» Task statement: The line containing "Pre-owned Christian Dior" and every line after it to the end of the records: set those down exactly, without any pictures.

__________________________________________________

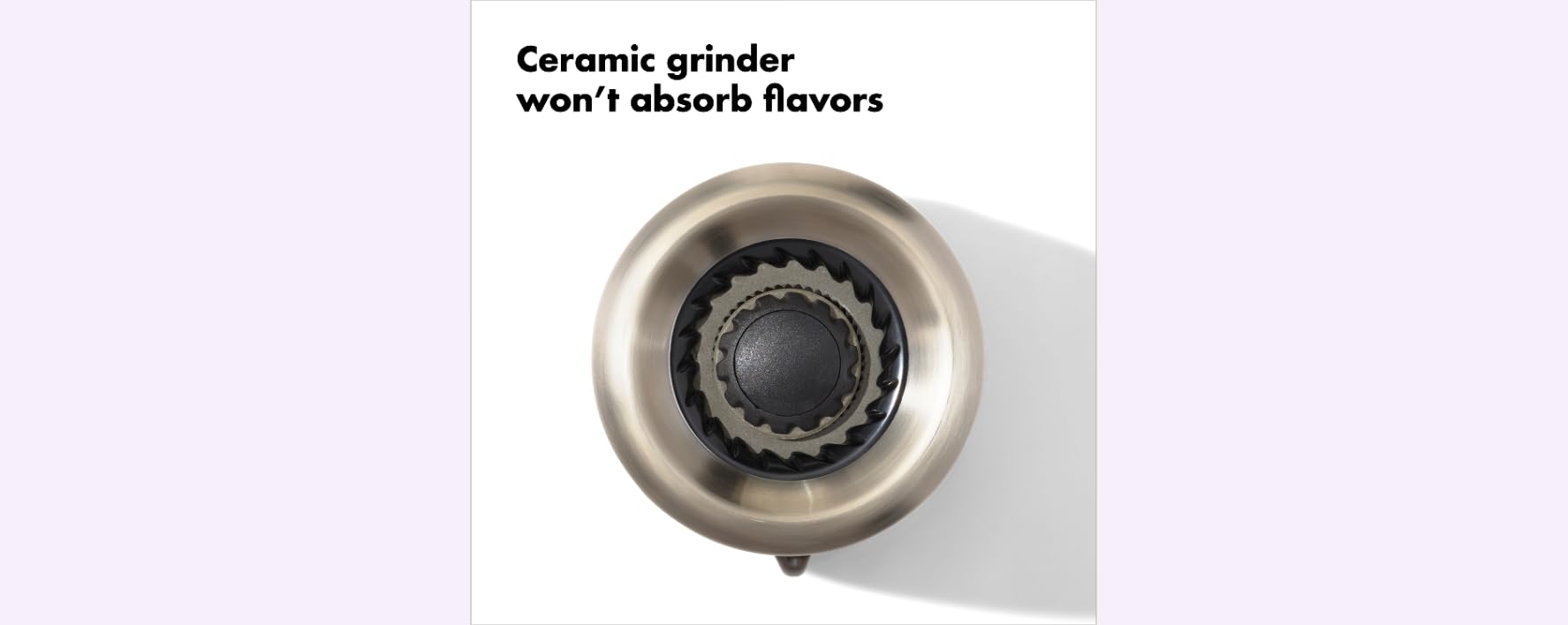 OXO Good Grips contoured salt grinder with airtight lid preserves salt freshness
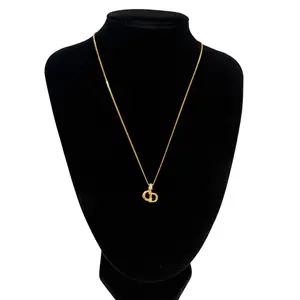 Pre-owned Christian Dior CD logo pendant necklace authentic with COA gold plated 003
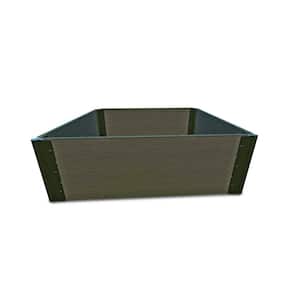 4 ft. x 4 ft. x 16.5 in., 1 in. Profile Weathered Wood Composite Tool-Free Raised Garden Bed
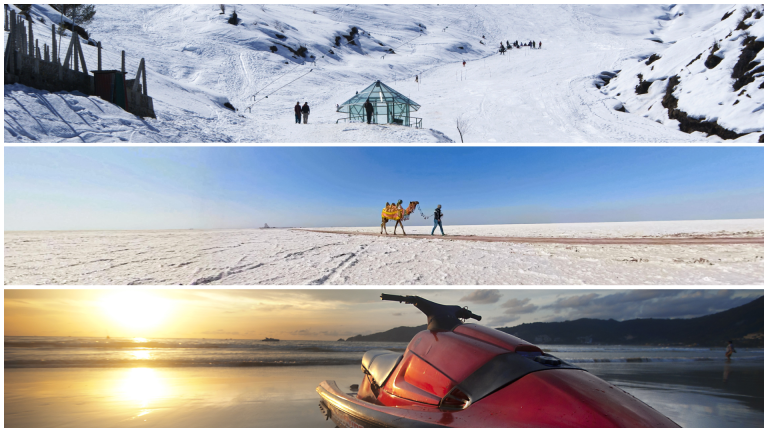 A diverse showcase of winter destinations in India, featuring Manali’s snow-covered mountains and frosty pine forests, Goa’s sunlit beaches with golden sands and vibrant shacks, Jaipur’s majestic Amber Fort under clear blue skies, Auli’s pristine snowy slopes with skiers and Himalayan peaks, and the vast white salt desert of the Rann of Kutch illuminated under a moonlit sky during the Rann Utsav.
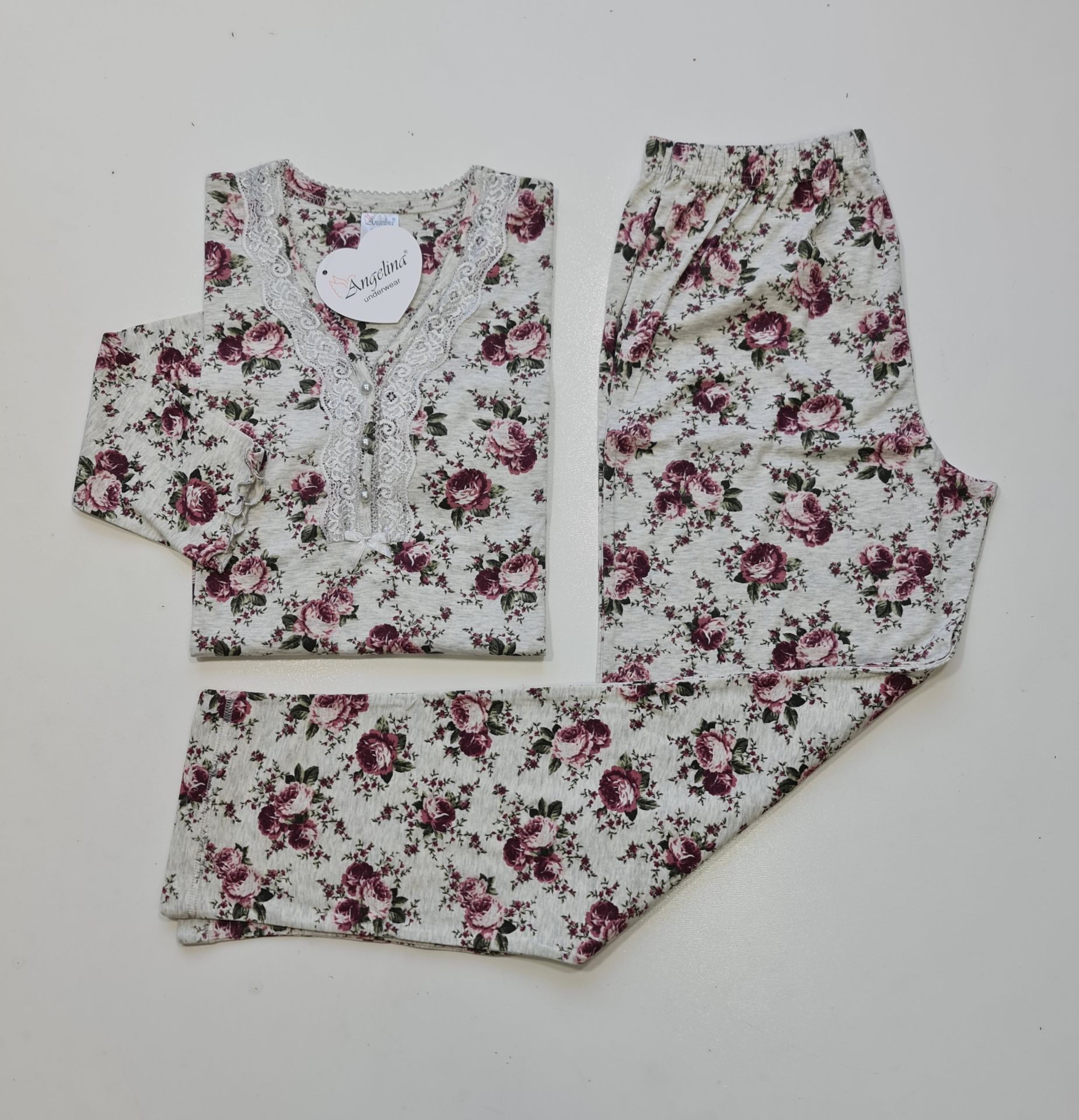 Angelina Uzun Kol Ribana Kadın Kışlık Pijama Takım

__________________________________________________

» Exercise answer:
 Pre-owned Christian Dior CD logo pendant necklace authentic with COA gold plated 003
 4 ft. x 4 ft. x 16.5 in., 1 in. Profile Weathered Wood Composite Tool-Free Raised Garden Bed
 A diverse showcase of winter destinations in India, featuring Manali’s snow-covered mountains and frosty pine forests, Goa’s sunlit beaches with golden sands and vibrant shacks, Jaipur’s majestic Amber Fort under clear blue skies, Auli’s pristine snowy slopes with skiers and Himalayan peaks, and the vast white salt desert of the Rann of Kutch illuminated under a moonlit sky during the Rann Utsav.
 Angelina Uzun Kol Ribana Kadın Kışlık Pijama Takım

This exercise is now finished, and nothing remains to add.